§ **Task instructions**
In the records below, the part to copy starts at the line containing "a man works at a computer on his desk" and goes to the last line; output it exactly, without pictures.

*** Block opens ***

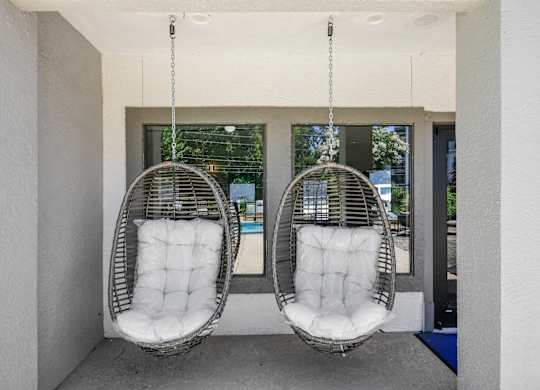 Two white hanging chairs with cushions are suspended from the ceiling in a room.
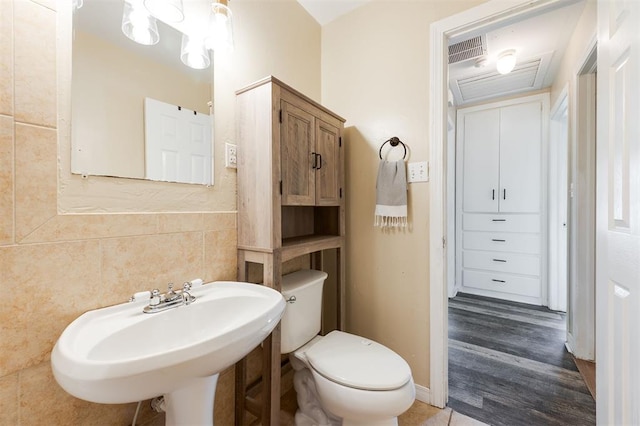 2204 Churchill Pl, Oklahoma City, OK 73120 - half bathroom with tile walls and wood finished floors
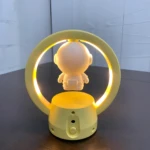 Lámpara de mesa LED amarilla con figura de astronauta flotante dentro de un aro luminoso.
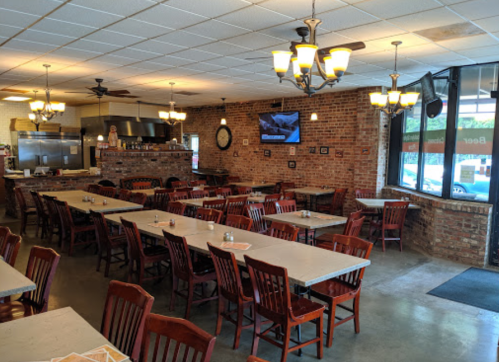 Interior of a restaurant featuring wooden tables and chairs, brick walls, and large windows with natural light.
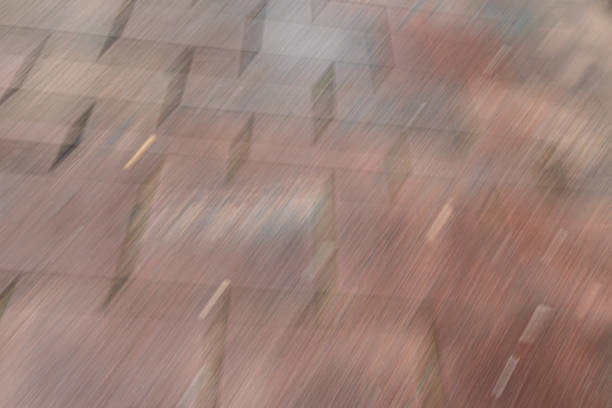 A view of a textured paved surface in a city area.The ground shows signs of movement - motion blur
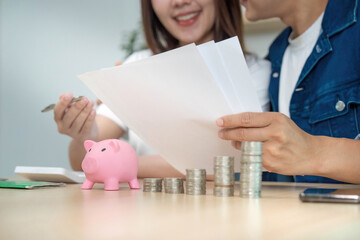 Financial Planning and Budgeting. Young couple discussing savings and investments with piggy bank.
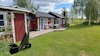Rött trähus med blå dörr, svensk flagga på verandan, gräsmatta och björkar i bakgrunden.
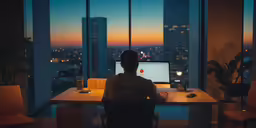 a man works at a computer on his desk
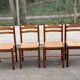 4 dining or kitchen chairs made of solid wood with rush seats.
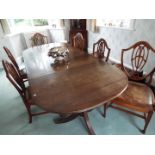 A good quality three section dining table, each section on castored supports,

*** Block closes ***

§ **Written solution**
 a man works at a computer on his desk
 4 dining or kitchen chairs made of solid wood with rush seats.
 A good quality three section dining table, each section on castored supports,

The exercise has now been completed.